I didn’t know lens was a verb now but it works for me.

Knittink · 12/11/2018 23:14

I can't imagine finding it easy to say 'I lens my politics through...'. What a peculiar turn of phrase.
Labels like feminist are shorthand. It's useful to have a word to give a vague idea of where you stand, because giving a full explanation of your views all the time isn't always practical. Everyone who's got any sense knows that feminists are on a spectrum and csn hold a wide range of different views.

TallulahWaitingInTheRain · 12/11/2018 23:14

I agree. Feminism is an activity not an identity

I'd still call myself a feminist but what I mean by it is 'one who does (as best I can) feminism'

FloralBunting · 12/11/2018 23:29

I think using a phrase like 'as a...' is usually unhelpful and a bit wanky. I have used on occasion when it has seemed specifically relevant to a topic, but not as a general intro for anything much.

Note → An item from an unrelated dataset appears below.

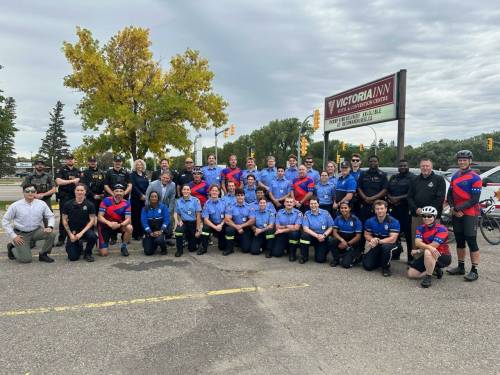York Regional Police Det.-Const. Chris Meuleman (kneels on left) joins other riders, officers of the Brandon Police Service, Manitoba sheriffs, Brandon Fire and Emergency Services members, a Manitoba Conservative Officer, Brandon Mayor Jeff Fawcett and Brandon East MLA Glen Simard as the riders make a stop in Brandon on Sept. 11. (Supplied)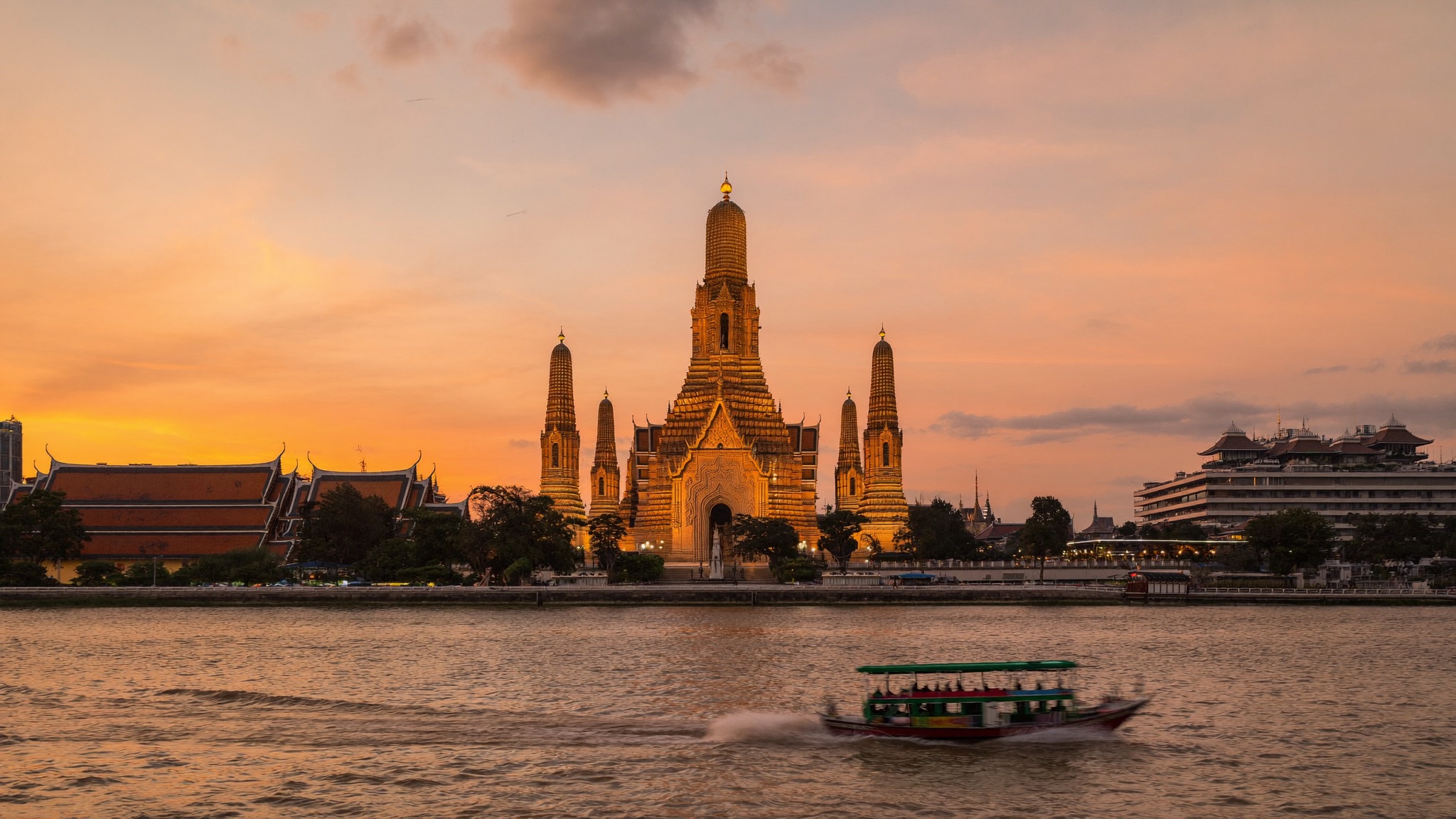 Wat Arun i Bangkok i solnedgang med longtail-båt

The trouble with some labels is that people hear them and make all sorts of assumptions which then have to be unpicked. But, tbh, that's what communication is for, so in the overall scheme, I don't think labels are a deal breaker as long as you don't do knee jerk tribalism.

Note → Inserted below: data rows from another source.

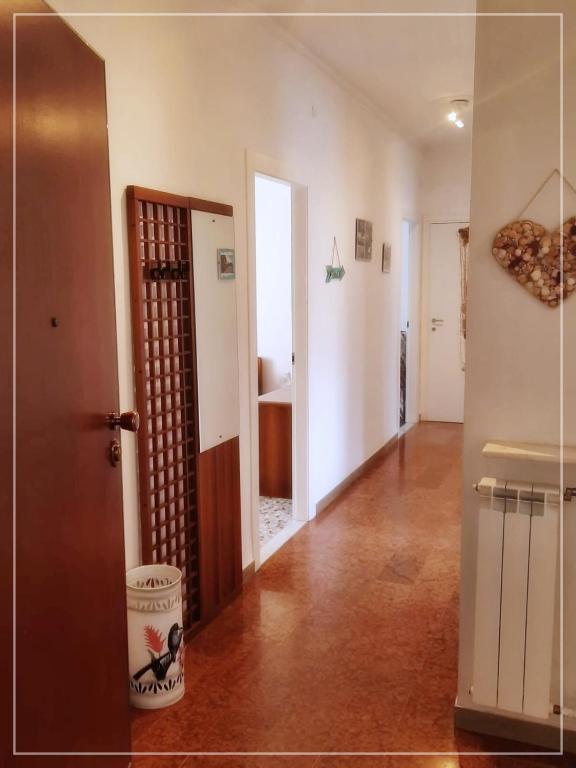 a room with a hallway with a heart hanging on the wall at La casa di Palma in Alassio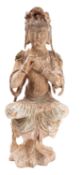 A Chinese carved and painted wood seated figure of Guanyin the folds of her robes draped over the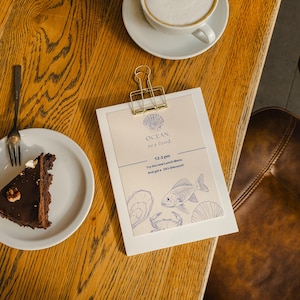 Personalized wood menu stand featuring a black binder clip, crafted for displaying menus at modern restaurants or upscale events.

Racecardriver · 12/11/2018 23:38

I’m not a femenist full stop. I believe in a lot of fenenist principles but that doesn’t make me a femenist in the same way that believing in god doesn’t make me a Christian and believing that all people are born equal doesn’t make me a communist. I make a point of not supporting anything I don’t believe in 100%. I can understand why people do-it is much easier to reform from within the ranks than by arguing against but that isn’t for me. Political movements are definitely something that can be construed as an identity. This is true especially when you are talking about something as contradictory as ‘feminism’ without any qualifiers or subcategorisation. If anyone says they are a femenist but can’t tell you what kind I would assume it’s an identity thing rather than a having rational thoughts or beliefs thing. Those are also usually the kind who tell you that if you believe that the sexes are equal that makes you a femenist like it or not. Some people just aren’t that bright.

maniacmagpie · 12/11/2018 23:39

Knittink yeah I do get that it is a weird phrasing, and I am in general too verbose. I do get what you're saying about 'feminist' as shorthand. I suppose it depends who I'm talking to, and I've been burned heavily by people saying 'I am a feminist so [this thing that I do which does not help women and girls in any way shape or form] is feminist'.

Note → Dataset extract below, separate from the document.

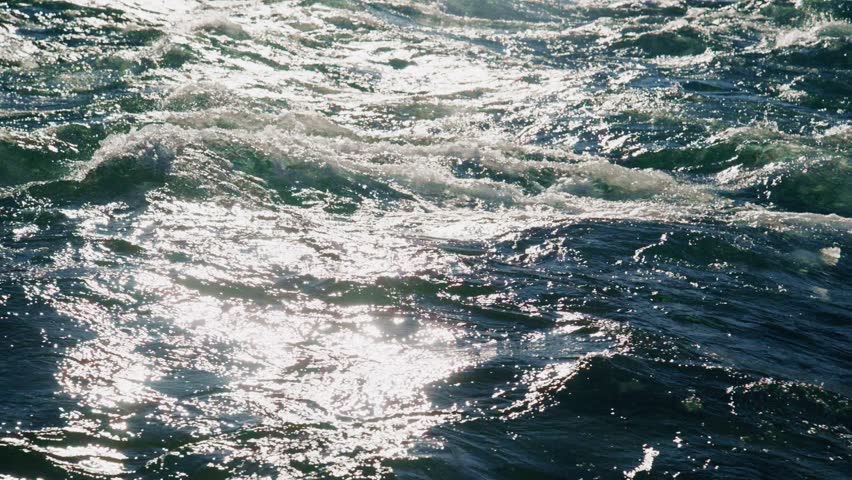 The captivating footage presents stunning visuals of ocean waves undulating rhythmically beneath the bright sunlight, beautifully showcasing shimmering reflections and vibrant textures of the water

Everyone who's got any sense knows that feminists are on a spectrum and csn hold a wide range of different views. the key bit there being 'everyone's who's got any sense'. For whatever reason, I run continuously into people who do not think that a wide range of different views is an appropriate way to properly be a feminist and it is in that context that I brought this up.

I suppose it's a matter of who you're trying to talk to and what you're trying to communicate - I absolutely agree that shorthands are a good thing - provided they read into it what you mean and not something else entirely. I think I may just be averse because so many people around me have been happy to imprint a point of view that is literally the opposite of what I hold, that I've all but given up on anything but being extremely verbose and extremely precise on what I am trying to say.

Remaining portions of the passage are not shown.